Tutto bene in Viale Tiziano? Nessun mea culpa, nessuna responsabilità vero?

Il Pero non è una eccezione, è la consuetudine. Prima si festeggia e poi si guarda alla realtà. Si continua ad inseguire la coppa di plastica invece della sostenibilità, la gloria personale invece della crescita, si vezzeggia il proprio ego e poi all’improvviso ci si scopre con mezzi economici limitati.

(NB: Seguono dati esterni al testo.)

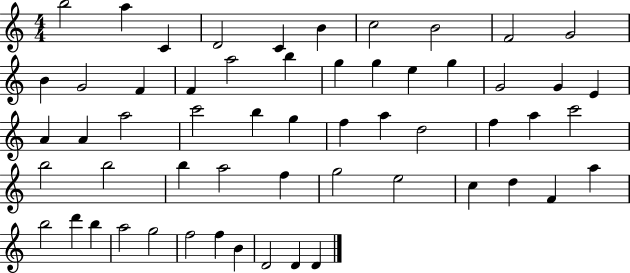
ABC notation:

X:1
T:Untitled
M:4/4
L:1/4
K:C
b2 a C D2 C B c2 B2 F2 G2 B G2 F F a2 b g g e g G2 G E A A a2 c'2 b g f a d2 f a c'2 b2 b2 b a2 f g2 e2 c d F a b2 d' b a2 g2 f2 f B D2 D D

S’affacciano così i fautori della “Scala Mobile” perché chiamarlo Salary Cap è un insulto alla minima decenza cognitiva. Si pretende di contenere i costi in maniera artificiosa, salvo poi sconfessarsi quando si è abbagliati dal luccichio della plastica ben lucidata. In paesi a capitalismo avanzato e in discipline che aspirano al professionismo gli strumenti coercitivi non funzioneranno mai.

Competere al ribasso non ha mai ottenuto risultati positivi. Nemmeno in una economia autarchica, estremamente protezionista. Figurarsi in una economia sportiva globale. Lì fuori c’è qualcuno che crede che la pratica del calcetto a cinque, anche al femminile, sia un hobby, qualcosa da praticare mentre si svolge una professione principale?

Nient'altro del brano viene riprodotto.